Following an overtime loss to the Pittsburgh Penguins on Saturday night, Maple Leafs coach Paul Maurice was asked whether his players had improved their team toughness since the beginning of the season.
But rather than speak to the fighting nature of his team that evening, Maurice measured another physical element.
"I think we are growing into our size a little bit," said Maurice, who gave the Leafs yesterday off from practice. "I know it has been noticed that (captain Mats Sundin) is playing more of a snarly game, but that line (of Sundin, Nik Antropov and Alexei Ponikarovsky) has realized that its true strength may not be puck skills, but the fact they can hold people off to the outside because of their size."
With the precarious nature of their spot in the standings, size will have several important implications for the Leafs in their remaining 26 games. Toronto didn't go near the ice yesterday but still lost some ground in the Eastern Conference standings when the Tampa Bay Lightning beat the New Jersey Devils. That victory gave Tampa 64 points, and allowed it to move past the idle Carolina Hurricanes, who have 63 points and fell to eighth place in the conference. The Leafs, a point out of eighth when the day started, now are two back of the Hurricanes.
The Leafs play host to the New York Islanders tomorrow night in another four-point match. The Isles are in 10th place in the conference with 60 points, one less than the Leafs. Toronto then travels to Philadelphia to take on the sad-sack Flyers on Thursday before the Edmonton Oilers visit on Saturday night, when the Leafs plan to honour the 1967 Stanley Cup-champion squad.

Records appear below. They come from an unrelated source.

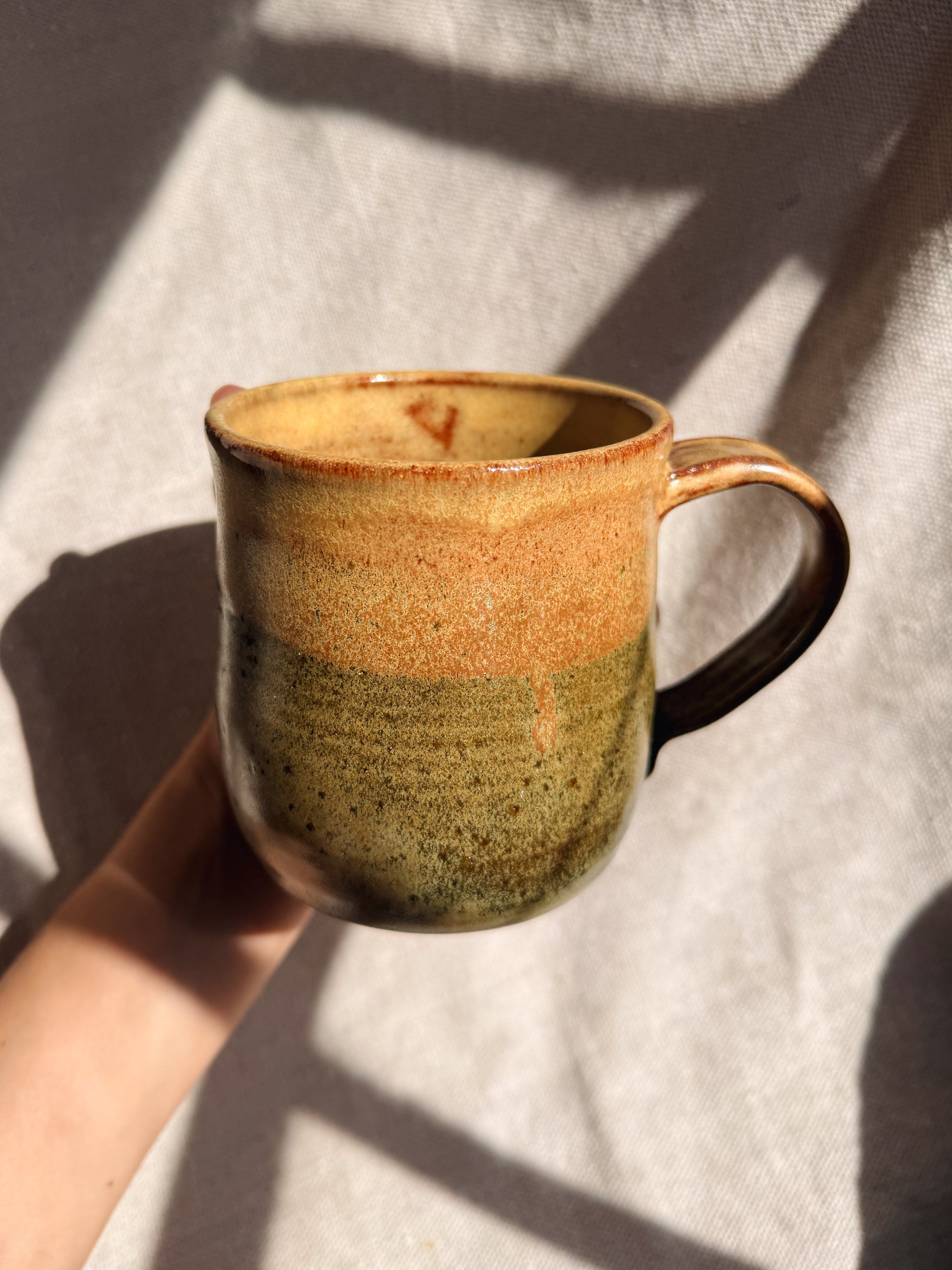 Hand holding a ceramic mug with two-tone design on a light fabric background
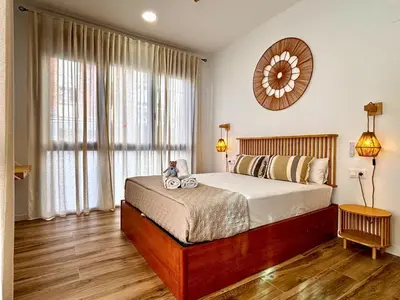 a bedroom with a large bed and a mirror at Travel Habitat Santo Domingo Loft in Valencia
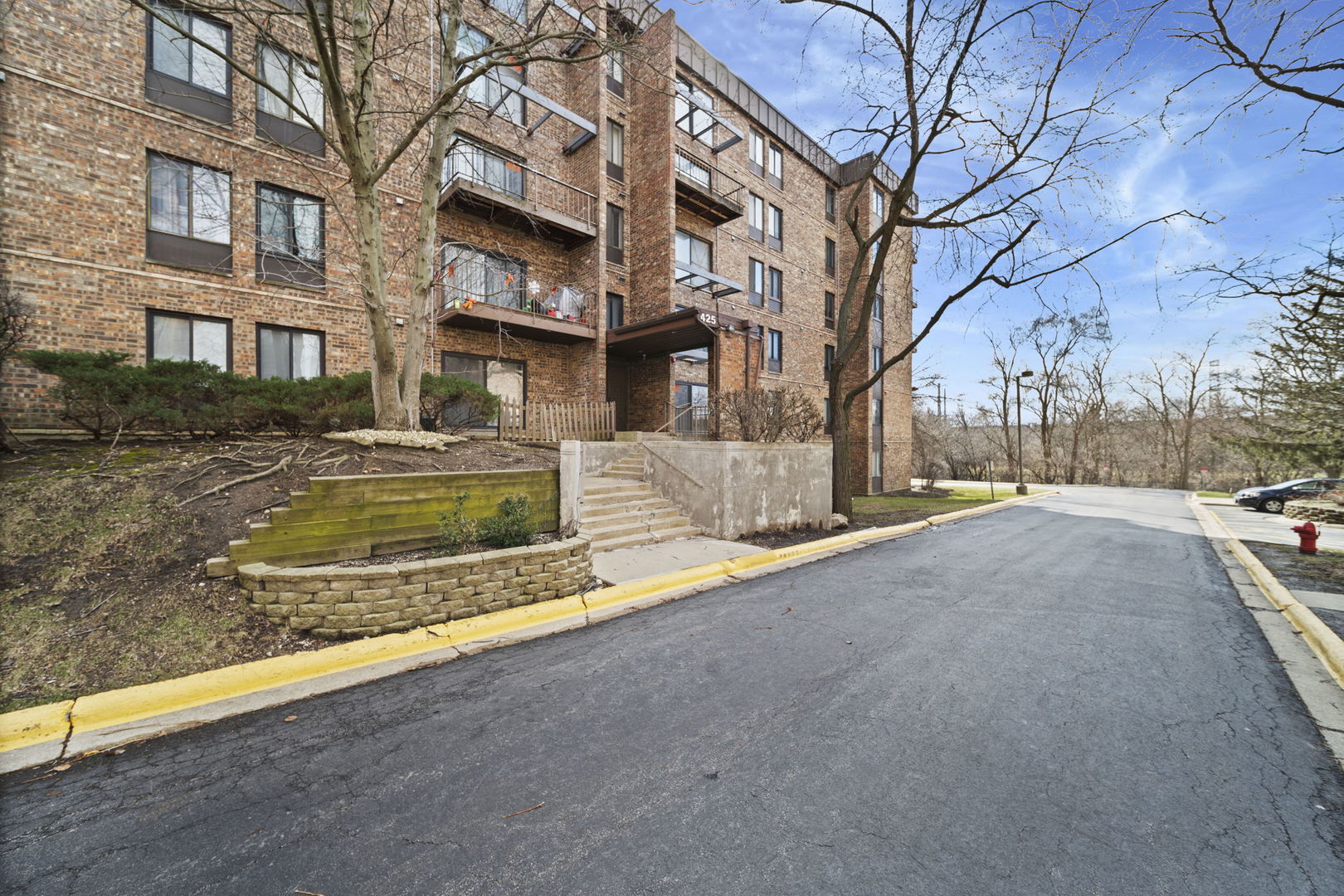 425 Walnut Creek Road, Unit 1401 Lisle, IL 60532 - Photo 1 of 19 a view of a house with snow on the road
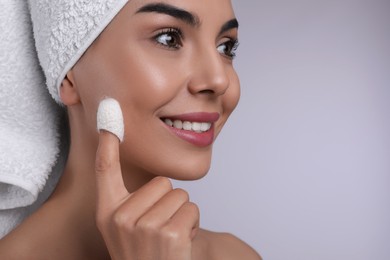 Woman using silkworm cocoon in skin care routine on light grey background, closeup. Space for text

"We have another huge game coming up (tomorrow)," Sundin said. "We'll have to get back playing the way we've been playing on the road here."
The Leafs are at a point where they probably would not mind playing the rest of their games away from the Air Canada Centre. Before yesterday's games, the Leafs led the National Hockey League in goals scored on the road with 96. In other rinks, the Leafs had fashioned a nice 16-10-3 record. But they continue to suffer on home ice, going 11-12-4. Only the Flyers have fewer wins in their own building than the 11 the Leafs, New York Rangers, Chicago Blackhawks and Los Angeles Kings have won at home.
So, while Sundin acknowledges that tomorrow's game is big, the Leafs big players have no choice but to continue to be effective.
Though it took the scoring of the Sundin trio on Saturday night to get the other lines rolling, it was encouraging that the threesome of Boyd Devereaux, Chad Kilger and Bates Battaglia was a force. Their ability to work deep in the offensive zone is further proof that it is easier for big men to gain open ice in the NHL that came out of the lockout.
"We have six good-sized men in the top nine (forwards) right now," Maurice said. "The past two or three weeks we have been able to use our size down low and create some things without taking a lot of penalties. We have some size and we are trying to use it intelligently so we are not in the box."